4

I'm trying to get a JavaScript var value from an HTML source code using BeautifulSoup.

For example I have:

<script>
[other code]
var my = 'hello';
var name = 'hi';
var is = 'halo';
[other code]
</script>

I want something to return the value of the var "my" in Python

How can I achieve that?

Likak
  • 373
  • 1
  • 5
  • 19
L. K.
  • 139
  • 2
  • 12

4 Answers4

5

The simplest approach is to use a regular expression pattern to both locate the element via BeautifulSoup and extract the desired substring:

import re

from bs4 import BeautifulSoup

data = """
<script>
[other code]
var my = 'hello';
var name = 'hi';
var is = 'halo';
[other code]
</script>
"""

soup = BeautifulSoup(data, "html.parser")

pattern = re.compile(r"var my = '(.*?)';$", re.MULTILINE | re.DOTALL)
script = soup.find("script", text=pattern)

print(pattern.search(script.text).group(1))

Prints hello.

alecxe
  • 462,703
  • 120
  • 1,088
  • 1,195
3

Another idea would be to use a JavaScript parser and locate a variable declaration node, check the identifier to be of a desired value and extract the initializer. Example using slimit parser:

from bs4 import BeautifulSoup
from slimit import ast
from slimit.parser import Parser
from slimit.visitors import nodevisitor


data = """
<script>
var my = 'hello';
var name = 'hi';
var is = 'halo';
</script>
"""

soup = BeautifulSoup(data, "html.parser")

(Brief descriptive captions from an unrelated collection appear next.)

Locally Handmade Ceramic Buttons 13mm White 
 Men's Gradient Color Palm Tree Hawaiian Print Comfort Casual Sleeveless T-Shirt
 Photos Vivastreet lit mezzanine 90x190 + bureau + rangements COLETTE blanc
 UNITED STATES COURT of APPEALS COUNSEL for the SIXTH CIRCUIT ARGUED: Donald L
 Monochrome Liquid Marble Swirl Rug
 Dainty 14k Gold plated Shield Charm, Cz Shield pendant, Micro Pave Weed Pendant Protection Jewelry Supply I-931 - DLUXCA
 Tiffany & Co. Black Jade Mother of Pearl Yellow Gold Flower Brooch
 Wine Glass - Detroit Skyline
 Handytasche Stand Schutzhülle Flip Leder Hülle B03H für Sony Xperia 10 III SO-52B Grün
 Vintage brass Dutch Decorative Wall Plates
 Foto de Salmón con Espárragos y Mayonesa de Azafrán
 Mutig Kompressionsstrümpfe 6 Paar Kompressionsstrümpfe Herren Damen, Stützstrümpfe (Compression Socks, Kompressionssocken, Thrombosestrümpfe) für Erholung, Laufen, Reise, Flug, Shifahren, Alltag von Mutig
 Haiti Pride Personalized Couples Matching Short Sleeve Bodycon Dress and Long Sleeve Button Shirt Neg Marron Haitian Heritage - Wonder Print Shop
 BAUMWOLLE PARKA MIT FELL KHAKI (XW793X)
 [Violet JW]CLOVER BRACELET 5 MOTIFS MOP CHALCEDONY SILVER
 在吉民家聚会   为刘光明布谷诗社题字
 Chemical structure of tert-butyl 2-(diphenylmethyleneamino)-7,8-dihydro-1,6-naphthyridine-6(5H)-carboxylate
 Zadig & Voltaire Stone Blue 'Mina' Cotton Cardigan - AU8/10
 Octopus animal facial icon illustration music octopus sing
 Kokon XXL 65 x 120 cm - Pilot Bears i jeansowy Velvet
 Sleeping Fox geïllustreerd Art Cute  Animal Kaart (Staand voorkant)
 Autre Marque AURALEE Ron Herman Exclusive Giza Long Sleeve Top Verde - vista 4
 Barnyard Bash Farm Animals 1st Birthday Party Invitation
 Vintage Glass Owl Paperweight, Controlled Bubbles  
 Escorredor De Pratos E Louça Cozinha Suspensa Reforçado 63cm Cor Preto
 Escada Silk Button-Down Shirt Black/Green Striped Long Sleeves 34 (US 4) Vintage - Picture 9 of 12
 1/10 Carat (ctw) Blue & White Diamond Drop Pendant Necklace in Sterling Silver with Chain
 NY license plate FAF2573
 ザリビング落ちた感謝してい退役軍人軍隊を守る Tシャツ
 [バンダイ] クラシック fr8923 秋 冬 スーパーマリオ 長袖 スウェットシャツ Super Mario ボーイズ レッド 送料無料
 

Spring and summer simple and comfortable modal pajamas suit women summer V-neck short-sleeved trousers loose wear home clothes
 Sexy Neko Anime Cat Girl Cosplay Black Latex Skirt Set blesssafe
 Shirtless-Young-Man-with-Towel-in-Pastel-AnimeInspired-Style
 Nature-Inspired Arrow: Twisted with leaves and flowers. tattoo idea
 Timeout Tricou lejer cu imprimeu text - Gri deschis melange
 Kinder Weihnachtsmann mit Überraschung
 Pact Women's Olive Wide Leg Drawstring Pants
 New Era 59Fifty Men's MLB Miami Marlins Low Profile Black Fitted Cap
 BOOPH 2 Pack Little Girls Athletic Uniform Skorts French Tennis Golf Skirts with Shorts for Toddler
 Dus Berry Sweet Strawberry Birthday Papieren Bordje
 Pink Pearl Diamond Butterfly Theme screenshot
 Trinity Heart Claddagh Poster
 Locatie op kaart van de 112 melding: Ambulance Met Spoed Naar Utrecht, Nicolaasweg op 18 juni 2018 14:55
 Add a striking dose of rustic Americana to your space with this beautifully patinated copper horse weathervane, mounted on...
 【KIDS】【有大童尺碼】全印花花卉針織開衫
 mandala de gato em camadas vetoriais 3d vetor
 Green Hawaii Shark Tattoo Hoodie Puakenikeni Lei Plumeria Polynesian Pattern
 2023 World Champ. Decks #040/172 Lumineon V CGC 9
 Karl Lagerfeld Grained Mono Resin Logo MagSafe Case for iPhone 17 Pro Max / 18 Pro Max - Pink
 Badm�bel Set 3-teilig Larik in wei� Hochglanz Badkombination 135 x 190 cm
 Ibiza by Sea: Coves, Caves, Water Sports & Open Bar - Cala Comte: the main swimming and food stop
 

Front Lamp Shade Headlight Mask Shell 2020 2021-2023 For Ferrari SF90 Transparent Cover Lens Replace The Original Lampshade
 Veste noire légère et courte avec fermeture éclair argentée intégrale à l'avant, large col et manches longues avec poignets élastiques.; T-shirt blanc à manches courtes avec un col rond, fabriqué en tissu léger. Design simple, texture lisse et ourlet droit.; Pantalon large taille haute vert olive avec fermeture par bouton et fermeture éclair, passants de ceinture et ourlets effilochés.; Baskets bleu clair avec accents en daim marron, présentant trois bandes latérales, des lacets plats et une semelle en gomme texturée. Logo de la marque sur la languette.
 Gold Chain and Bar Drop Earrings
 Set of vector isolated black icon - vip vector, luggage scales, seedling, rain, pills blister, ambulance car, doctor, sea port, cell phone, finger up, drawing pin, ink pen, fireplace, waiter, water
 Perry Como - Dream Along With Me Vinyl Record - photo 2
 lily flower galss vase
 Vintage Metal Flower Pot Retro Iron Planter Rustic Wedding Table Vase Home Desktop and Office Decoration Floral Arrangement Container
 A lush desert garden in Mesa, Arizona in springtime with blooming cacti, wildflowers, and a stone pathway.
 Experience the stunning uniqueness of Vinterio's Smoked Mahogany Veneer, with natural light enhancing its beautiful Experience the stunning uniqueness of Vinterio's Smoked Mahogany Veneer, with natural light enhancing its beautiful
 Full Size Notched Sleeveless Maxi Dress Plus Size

script = soup.find("script", text=lambda text: text and "var my" in text)

# parse js
parser = Parser()
tree = parser.parse(script.text)
for node in nodevisitor.visit(tree):
    if isinstance(node, ast.VarDecl) and node.identifier.value == 'my':
        print(node.initializer.value)

Prints hello.

alecxe
  • 462,703
  • 120
  • 1,088
  • 1,195
0

the answer, pattern = re.compile(r"var my = '(.*?)';$", re.MULTILINE | re.DOTALL) should get a wrong way, have to remove the line-end sign $ when set re.MULTILINE re.DOTALL at same time.

try with python 3.6.4

J.Z
  • 927
  • 6
  • 4
0

Building on @alecxe's answer, but considering a more complex case of an array of dictionaries - or an array of flat json objects:

from bs4 import BeautifulSoup
from slimit import ast
from slimit.parser import Parser
from slimit.visitors import nodevisitor


data = """
<script>
var my = [{'dic1key1':1}, {'dic2key1':1}];
var name = 'hi';
var is = 'halo';
</script>
"""

soup = BeautifulSoup(data, "html.parser")

script = soup.find("script", text=lambda text: text and "var my" in text)

# parse js
parser = Parser()
tree = parser.parse(script.text)
array_items = []
for node in nodevisitor.visit(tree):
    if isinstance(node, ast.VarDecl) and node.identifier.value == 'my':
        for item in node.initializer.items:
            parsed_dict = {getattr(n.left, 'value', '')[1:-1]: getattr(n.right, 'value', '')[1:-1]
                for n in nodevisitor.visit(item)
                if isinstance(n, slimit.ast.Assign)}
        array_items.append(parsed_dict)
print(array_items)
Joey Baruch
  • 4,180
  • 6
  • 34
  • 48